Aşkımızın, tutkularımızın ya da hayallerimizin etrafımızdaki insanlar veya kendi geçmişimizdeki “kendimiz” tarafından onaylanmasına ihtiyacımız yok. Anda yaşadığımız aşk, sahip olduğumuz en büyük zenginliktir. Geçmişin onayını istemek ayağımıza pranga takmak iken geleceğin garantisini istemek ise ruhumuzu ipotek altına almaktır. Debbie Ford “Cesaret” kitabında tam olarak şöyle diyor: ”Bu dünyada ömrünüzü sevgi, onay ve ilgi açlığınızı gidermek için didinmek, sonra da duygu kırıntılarına razı olmak için bulunmuyorsunuz.” Evet, bu dünyada tutkularımızın, hayallerimizin ve yüreğimizin peşinden koşmak için bulunuyoruz ve bu yolculukta karşımıza çıkan tüm problemler sadece teferruattan ibaret, bu problem “kendimiz” bile olsak.

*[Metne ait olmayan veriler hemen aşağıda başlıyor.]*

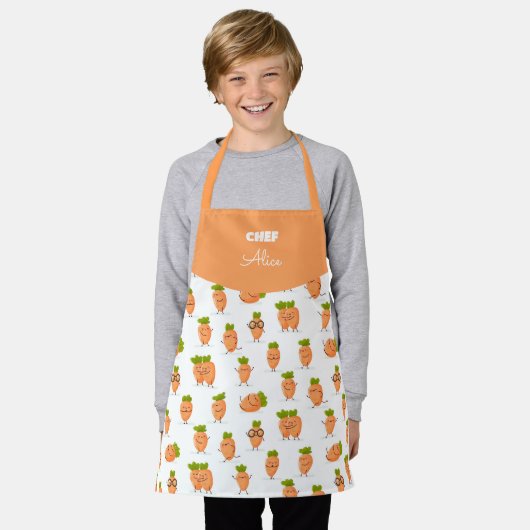 Kawaii pattern of fun carrots schürze (Getragen)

Bir düşüncenin doğruluğu herkesin ona inanması ya da reddetmesi ile değil kalbimizin hükmü ile belirlenmeli. Yakın zamanda okuduğum Evrenin Yapısı kitabında Roma dönemi filozoflarından Lukretius diyor ki: “isteklerimizi belirleyenin kendi duygularımız değil de sağdan soldan duyduklarımız olmasından derin üzüntü duyuyorum.” Yani kendi kalbimiz ve ruhumuz dışında oluşan illüzyonların peşinden koşmak. Düş kırıklıklarımıza baktığımızda ise şu gerçekle karşılaşıyoruz; isteklerimiz gerçekliğin o yıkılmaz duvarına çarpıyor. Gerçekliğin karşısında dururken dudaklarımızdan dökülen kelimeleri seçmek ise bize kalmış. Canımızı yakan gerçekler karşısında “küstüm oynamıyorum” diyebileceğimiz gibi “kendi gerçekliğimi yaratabilecek güce sahibim” demek bir diğer seçenek. Hayallerimizin verdiği güçle bu evrende kendi gerçekliğimizi yaratabileceğimize yürekten inanıyorum. Kalbinin sesini dinlemeden, hayallerinin peşinden tutkuyla koşmadan mutlu veya başarılı olmuş birini tanıdınız mı hiç? Zaten hayallerimizden ve tutkularımızdan başka “gerçekten” bize ait olan ne var ki?